Reagan, whose government had been, behind the scenes, attempting to bring an end to the Iran-Iraq War, was interested in the proposition from the Iranian moderates. Having traveled extensively in Iran when Shah Reza Pahlavi was still in power, Reagan could easily imagine that very few Iranians had been pleased with the authoritarian rule of Khomeini. He saw the Iranian approach as a way to mend relations between the two countries. He imagined that, with the death of Khomeini, a new and freer government would likely emerge.
To get the United States to realize that they were serious, the moderate Iranians indicated to the Israelis that they could use their influence to secure the release of seven Americans that were at the time being held hostage by Hizballah. Several ideas had already been tried—and had failed—to get the hostages back, so President Reagan filed this particular overture into his mental filing cabinet. In order to assess the Iranians’ ability to deliver on their hostage promise release, a U.S. team was sent to confer with their Israeli intermediaries.
Later on, Reagan made the mistake of trusting the Iranian moderates, who apparently had more ability to promise than to deliver on their promises. Three hostages were indeed released, but other hostages were taken in their place.

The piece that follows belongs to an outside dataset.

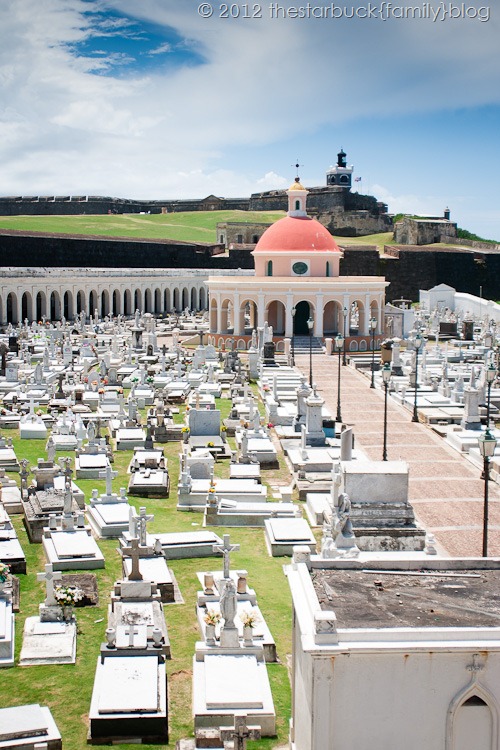 Fort El Morro and Cemetery San Juan blog-5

Contrary to popular myth that exists today, the Reagan administration had no dealings whatsoever with the Iranian government in the attempt to secure the release of the hostages. This phony idea came from a nondescript newspaper in Lebanon in an effort to belittle and derail the Reagan administration's efforts to secure the hostages' release. News entities across the United States, eager to jump on anything that made Ronald Reagan look bad, seized upon this lie from Beirut.

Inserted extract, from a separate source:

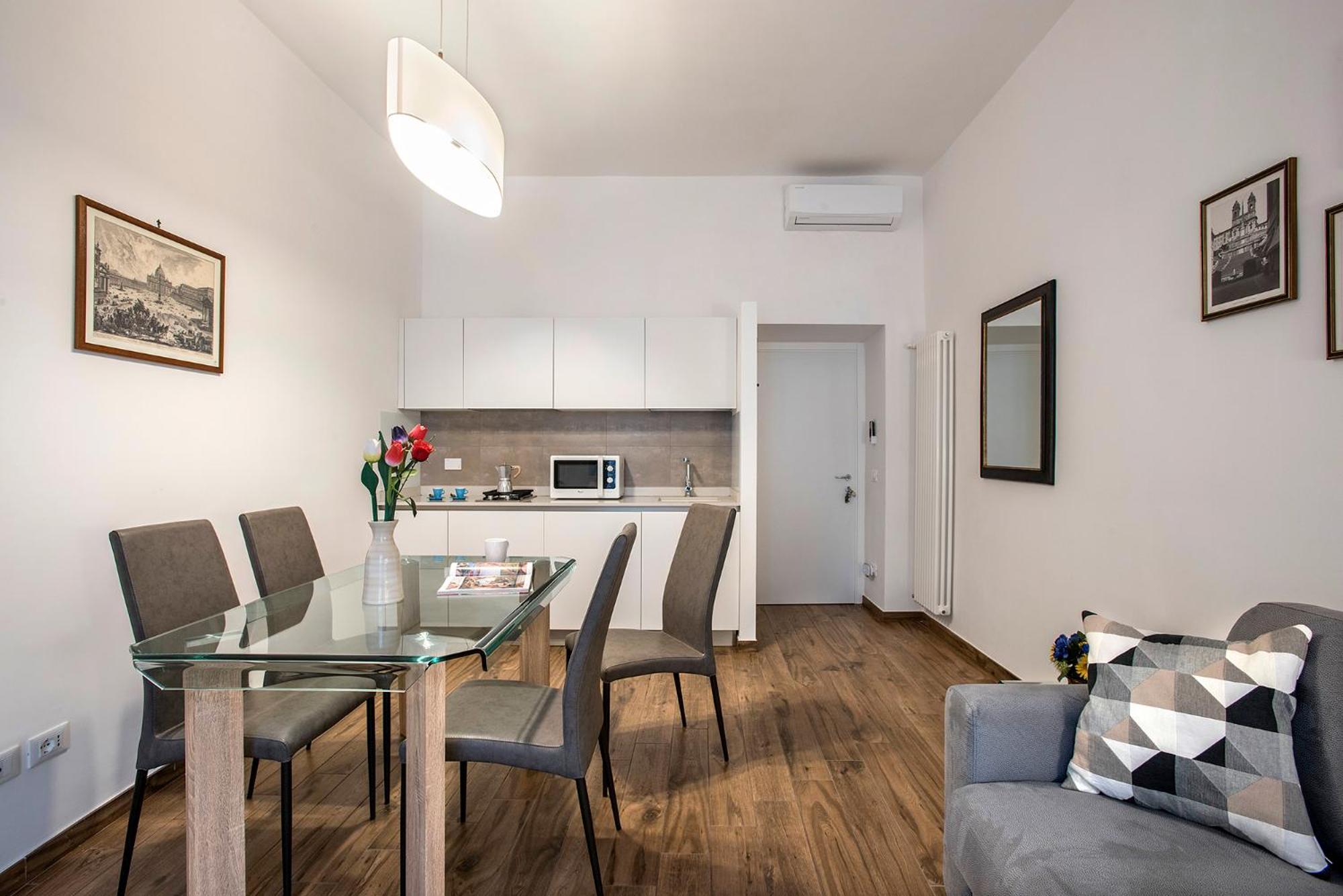 Vatican Scipioni 113 Apartamento *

Also contrary to popular myth, the episode was never about arms for hostages. As Reagan himself said, "None of the arms we had shipped to Iran had gone to the terrorists who had kidnapped our citizens."
Contrary to popular myth still popular today, Ronald Reagan did not know that Oliver North, John Poindexter, and Bill Casey had diverted funds from sales of arms to Israel into the hands of Nicaraguan Contra rebels in contravention of law. In reality, knowing full well that U.S. funding of the Contras was illegal, Reagan instead used the soapbox of the Presidency to encourage private entities to support the Contras.
Oh, the things we think we know--until we find out that we've been lied to by someone with a political axe to grind.